START Provided information

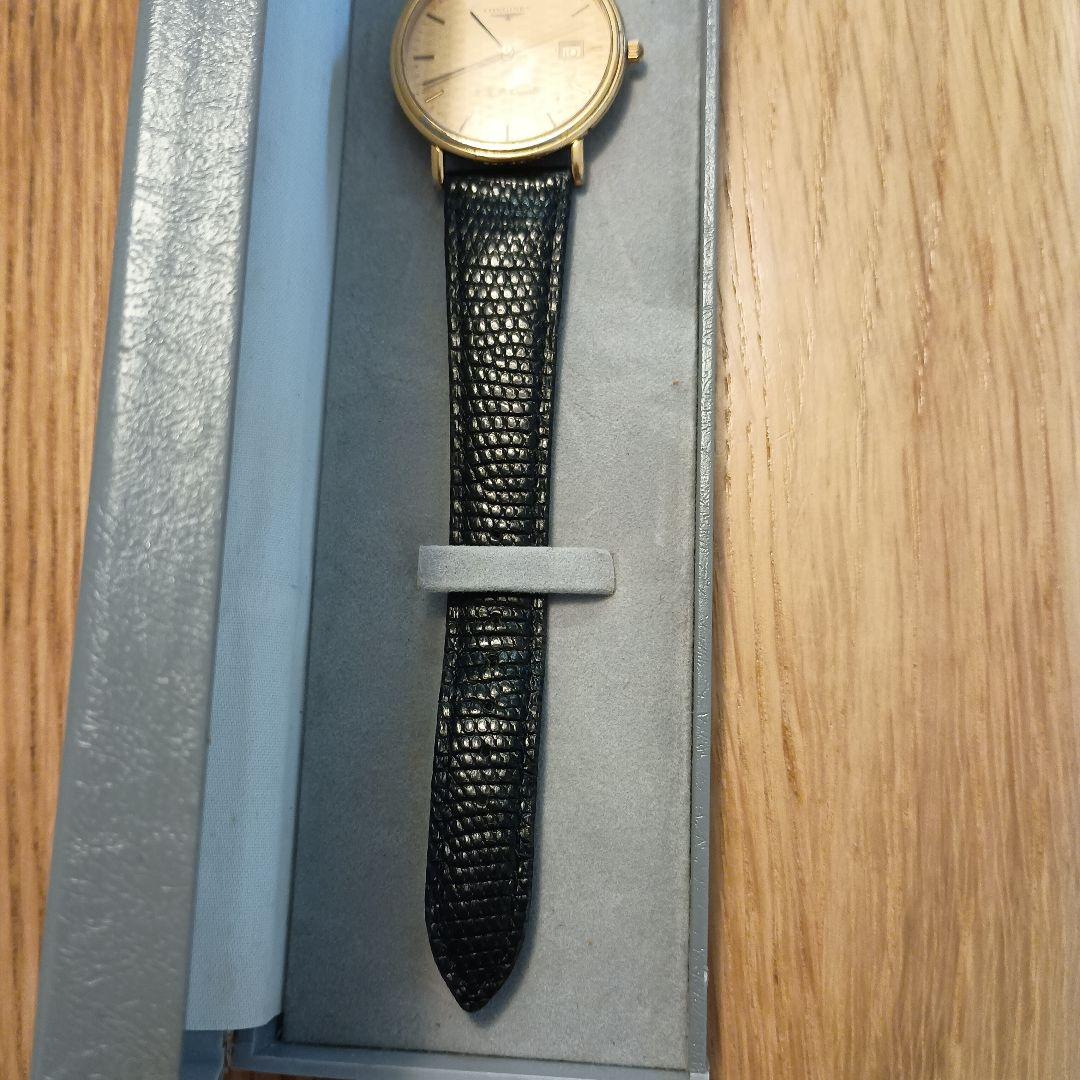 T*e様 LONGINS メンズ 腕時計 VHP Quartz 動作確認済 ※傷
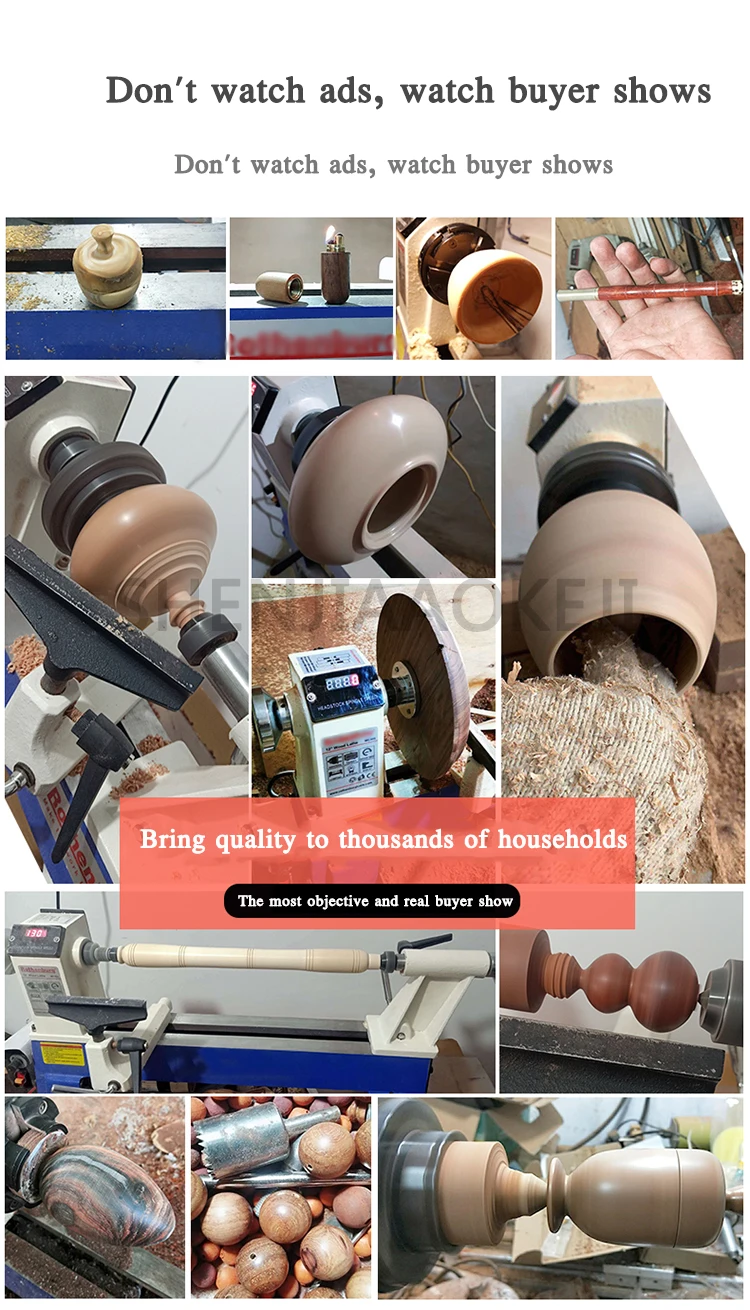 220V Multifunctional Miniature Woodworking Lathe Bead Machine Small Bracelet Rot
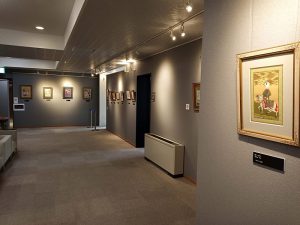 トルコの伝統芸術「ミニアチュール（細密画）」と「テズヒープ」作品展開催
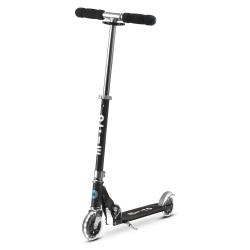 SPRITE CLASSIC LED Micro Scooter: Black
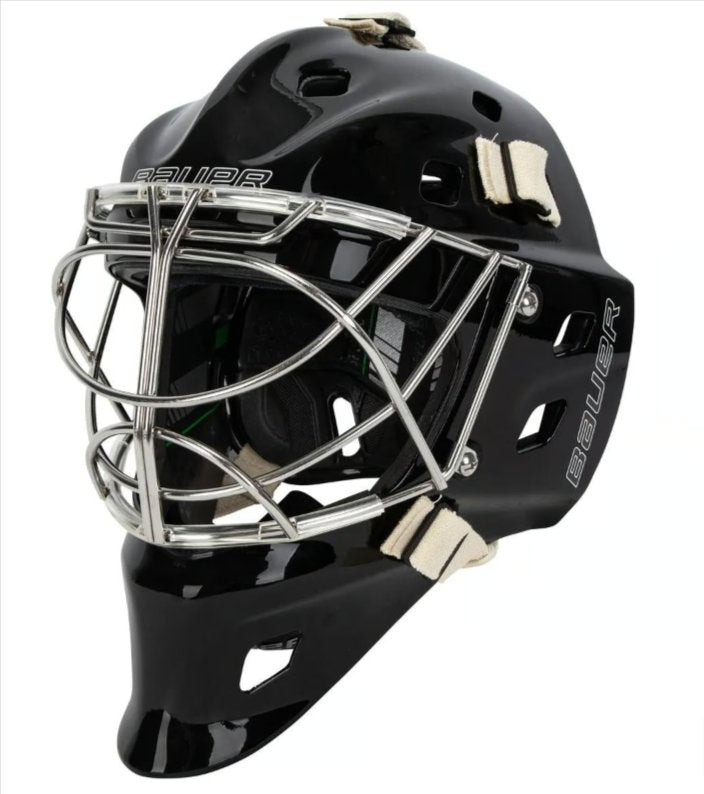 Bauer NME ONE Non - Certified Cat - Eye Goalie Mask - Goalie Masks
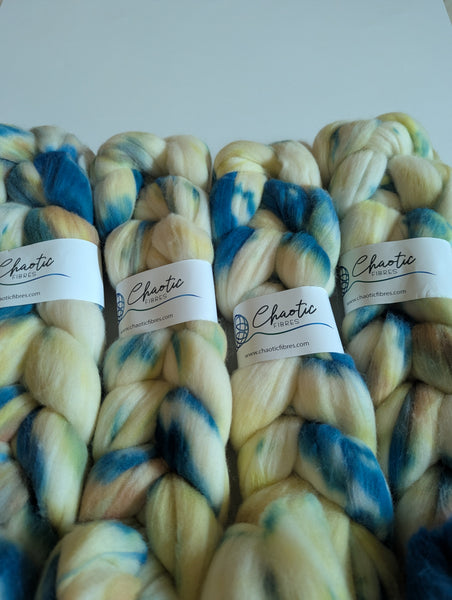 Hand Dyed Rambouillet 100g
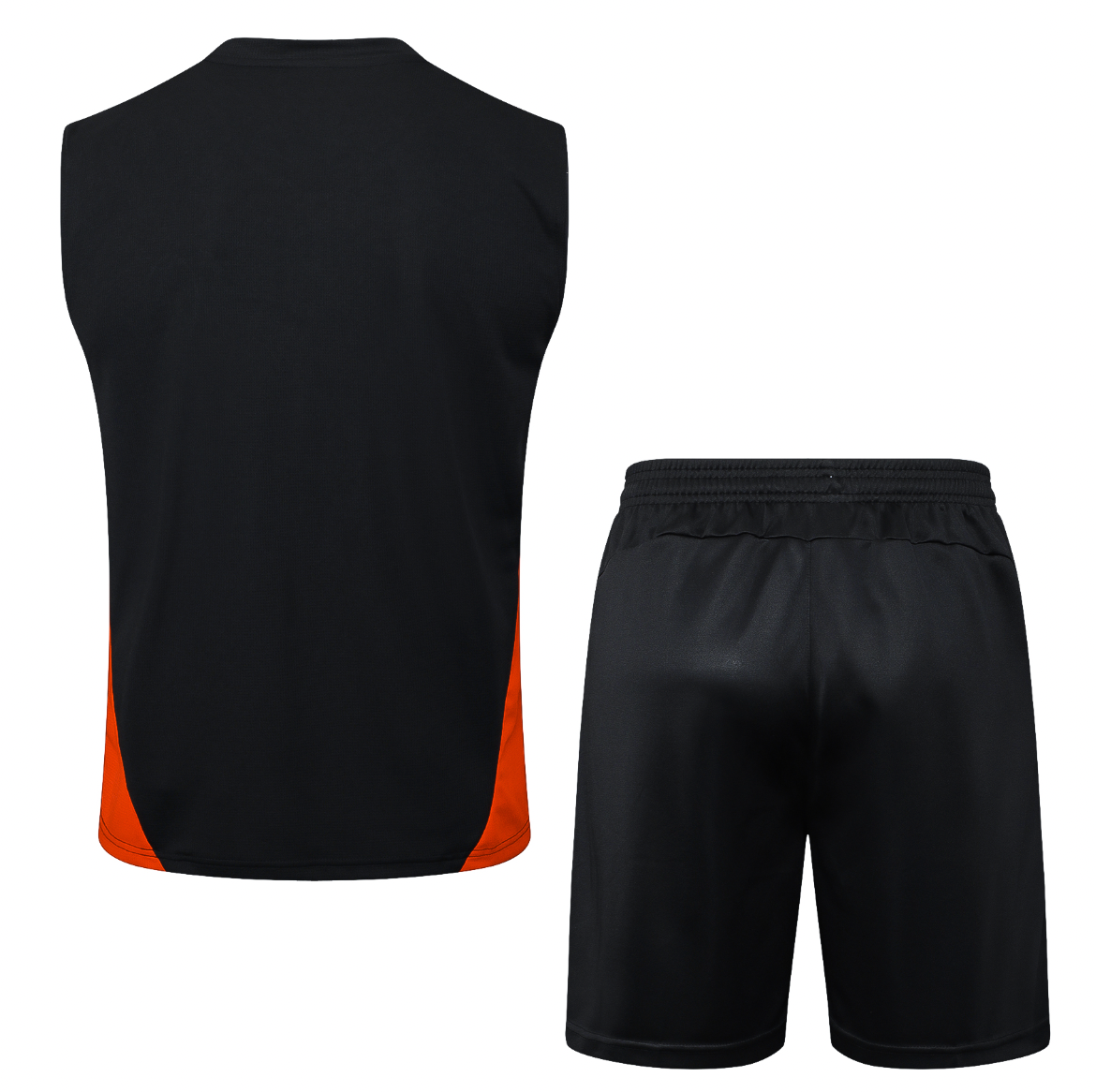 Set allenamento smanicato AC Milan 2025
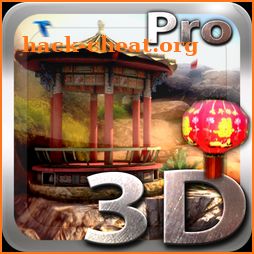 Oriental Garden 3D Pro icon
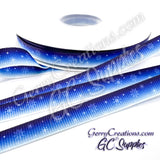 Snowflakes on Blue Ombre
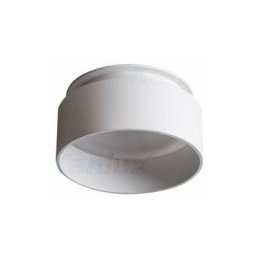 Support de spot encastrable perçage 67mm rond Blanc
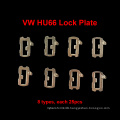 Factory OEM HU66 Car Lock Reed Plate For AUDI VW Volkswagen(200pcs/lot) (piece)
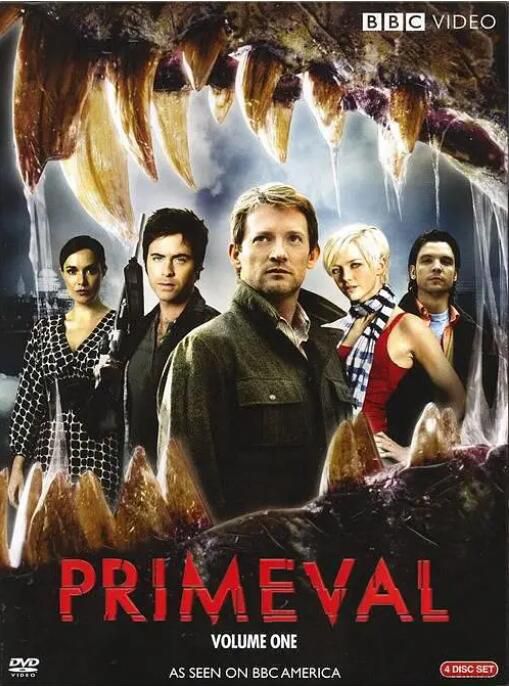 2007英劇 遠古入侵/史前逃龍/Primeval 第1-5季 道格拉斯·韓歇爾 英語中字 12碟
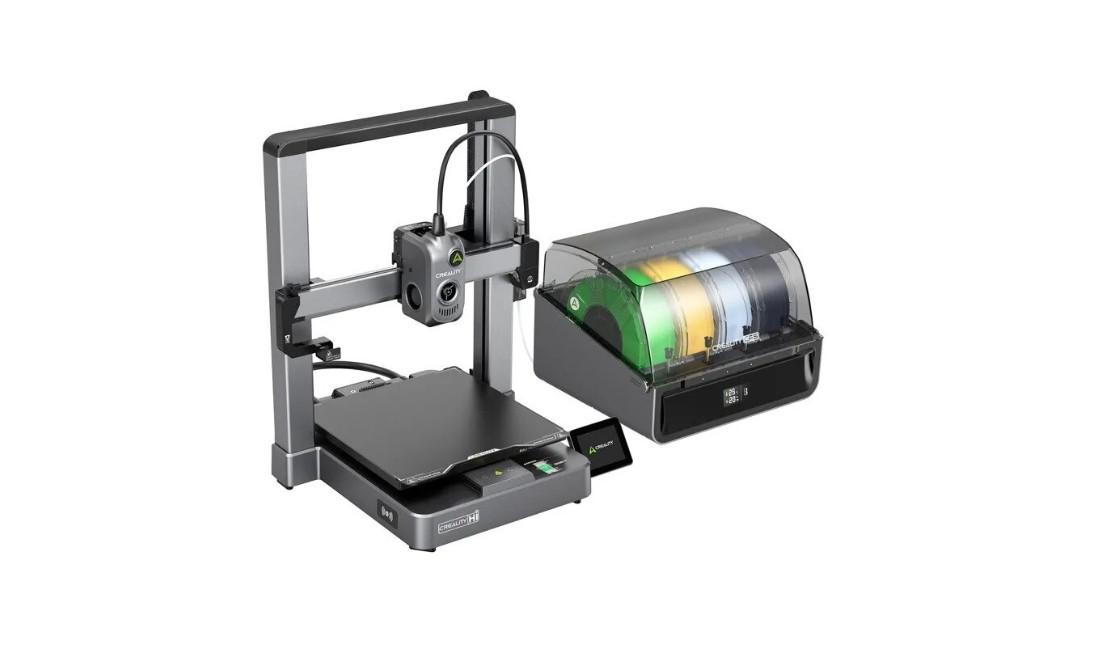 Printer 3D Creality Hi Combo Multi-Color, ekran 3.2", shumëngjyrësh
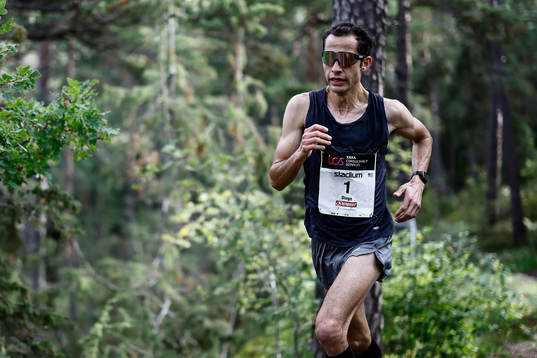 Diego Estrada vinnare i Män 30 km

END Provided information

▶ **What the exercise asks**: Please retype the listing exactly, leaving out any images.

▶ **Written answer**:
 T*e様 LONGINS メンズ 腕時計 VHP Quartz 動作確認済 ※傷
 220V Multifunctional Miniature Woodworking Lathe Bead Machine Small Bracelet Rot
 トルコの伝統芸術「ミニアチュール（細密画）」と「テズヒープ」作品展開催
 SPRITE CLASSIC LED Micro Scooter: Black
 Bauer NME ONE Non - Certified Cat - Eye Goalie Mask - Goalie Masks
 Hand Dyed Rambouillet 100g
 Set allenamento smanicato AC Milan 2025
 Oriental Garden 3D Pro icon
 Snowflakes on Blue Ombre
 Support de spot encastrable perçage 67mm rond Blanc
 Factory OEM HU66 Car Lock Reed Plate For AUDI VW Volkswagen(200pcs/lot) (piece)
 2007英劇 遠古入侵/史前逃龍/Primeval 第1-5季 道格拉斯·韓歇爾 英語中字 12碟
 Printer 3D Creality Hi Combo Multi-Color, ekran 3.2", shumëngjyrësh
 Diego Estrada vinnare i Män 30 km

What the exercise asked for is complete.